Let $\displaystyle Y_1, \ Y_2, \ \dotso,\ Y_n$ denote a random sample from the prob. density function:

$\displaystyle f(y|\theta) = \left\{ \begin{array}{rcl}

e^{-(y-\theta)} & \mbox{for} & y \geq \theta \\

0 & \mbox{for} & \mbox{other}

\end{array}\right.$

show that $\displaystyle Y_{(1)} =\min(Y_1, \ Y_2, \ \dotso,\ Y_n)$ is sufficient for $\displaystyle \theta$

I asked my prof, and all he told me is that in order for our definition of sufficiency to be valid in this case we simply need to considering the smallest y, where it should be greater then some fixed $\displaystyle \theta$. If I look at what the book says and go according to

http://www.mathhelpforum.com/math-he...-question.html I get something a little closer to what's in the book.
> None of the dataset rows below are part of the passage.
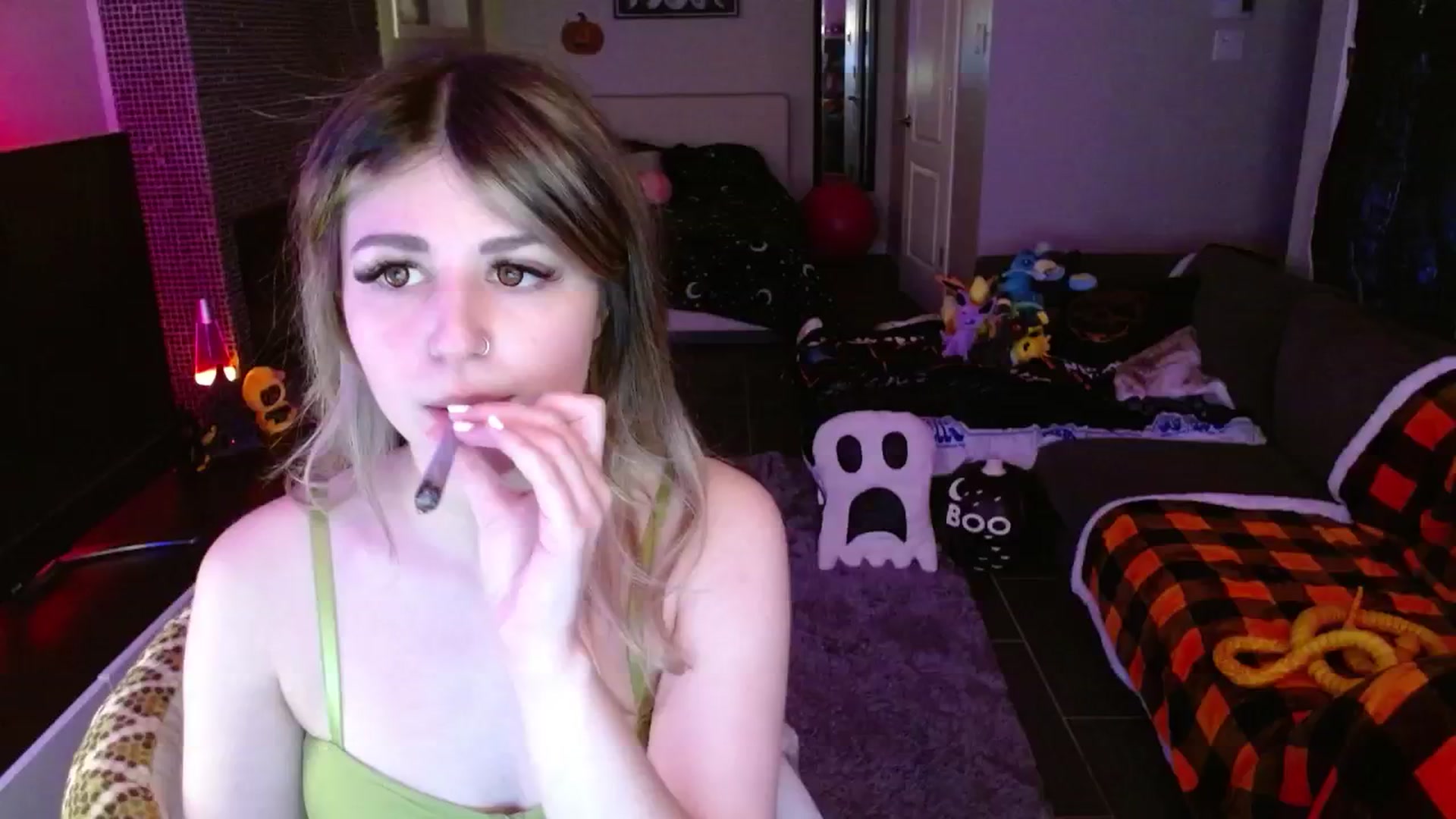 Gallery image thumbnail from Serafina's myfreecams stream on, 10/13/2024, 03:21 image 18 of 20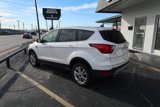 Used 2019 Ford Escape SE image 4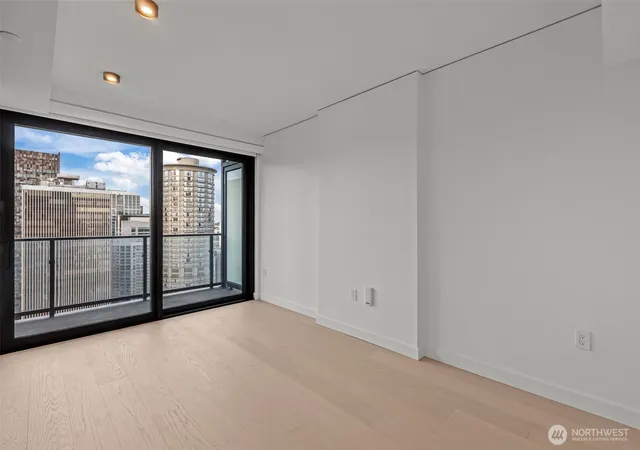 Photo 3 of Condo for sale at 300 Virginia St #3103, Seattle, WA 98101 | MLS# NWM2554049 | Listing updated on 2026-09-22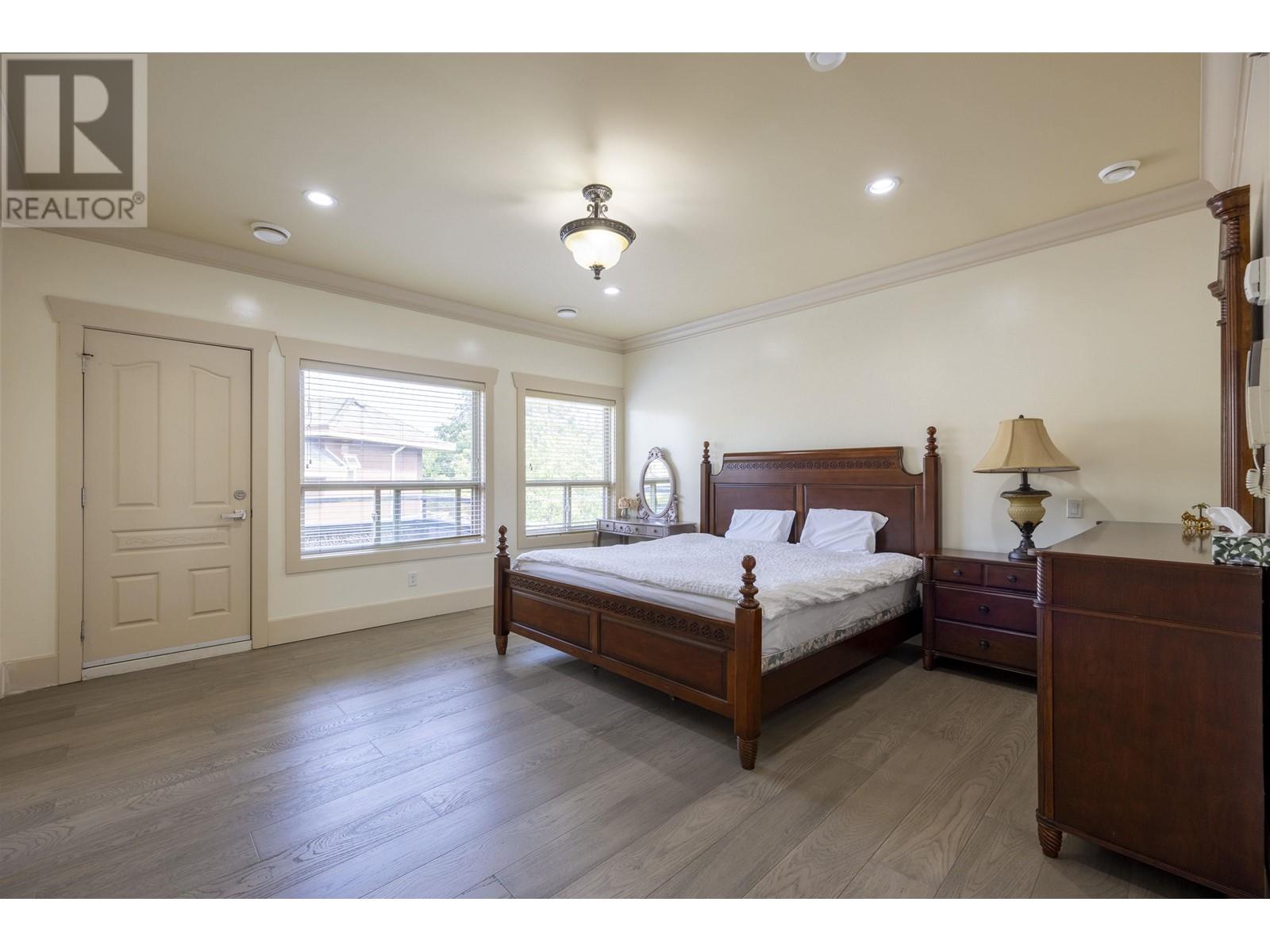 Listing Picture 12 of 25 : 10120 AQUILA ROAD, Richmond / 烈治文 - 魯藝地產 Yvonne Lu Group - MLS Medallion Club Member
Therefore what I get is

$\displaystyle F(y) = \int_{\theta}^u e^{-(y-\theta)} \ dy = 1-e^{\theta-u} $

so the density function for a minimum stat is $\displaystyle n[1-F(y)]^{n-1} \cdot f(y) = n[1-(1-e^{\theta-u})]^{n-1} \cdot e^{-(u-\theta)} $

$\displaystyle =n[e^{\theta-u}]^{n-1} \cdot e^{\theta-u} = n[e^{\theta-u}]^n$

following the same method as in the link I get:

$\displaystyle L(y_1, \ y_2, \ \dotso, \ y_n|\theta) = f(y_1, \ y_2, \ \dotso, \ y_n|\theta) = f(y_1|\theta) \cdot f(y_2|\theta) \cdot \dotso \cdot f(y_n|\theta)$

$\displaystyle =\prod_{i=1}^k n[e^{\theta-u_i}]^n$

$\displaystyle =n[e^{\theta-u_1}]^n \times n[e^{\theta-u_2}]^n \times \ \dotso \times n[e^{\theta-u_k}]^n$

$\displaystyle =n^k \cdot \exp \bigg{[} \sum_{i=1}^k (\theta -u_i)^n \bigg{]}$

factorizing it out would give

$\displaystyle g(\min (Y_1, \ Y_2, \ \dotso,\ Y_n)|\theta) = \exp \bigg{[} \sum_{i=1}^k (\theta -u_i)^n \bigg{]} \ \mbox{and} \ \ h(y_1,\ y_2,\ \dotso, \ y_n) = n^k$

I'm not quite sure that this is correct.

Also can it be done using these terms:

Let $\displaystyle X = \sum^n_{i=1} (\theta-u_i)$

$\displaystyle =\prod_{i=1}^k n[e^{\theta-u_i}]^n$ as $\displaystyle \prod_{i=1}^k n\cdot \exp\bigg{[}\sum^n_{i=1} (\theta-u_i) \bigg{]} = \prod_{i=1}^k n\cdot e^X$

expanding it out gives:

$\displaystyle =ne^X \times ne^X \times \ \dotso \times ne^X$

$\displaystyle =n^k e^{kX}$